#### Collected data:
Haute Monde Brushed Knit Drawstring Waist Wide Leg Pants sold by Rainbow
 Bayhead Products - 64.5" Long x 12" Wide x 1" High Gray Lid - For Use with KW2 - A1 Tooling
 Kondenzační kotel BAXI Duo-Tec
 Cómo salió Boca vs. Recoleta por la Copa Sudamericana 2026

#### Exercise objective:
Only lines with the word "Wide" should be collected from the material.

#### Response area:
Haute Monde Brushed Knit Drawstring Waist Wide Leg Pants sold by Rainbow
 Bayhead Products - 64.5" Long x 12" Wide x 1" High Gray Lid - For Use with KW2 - A1 Tooling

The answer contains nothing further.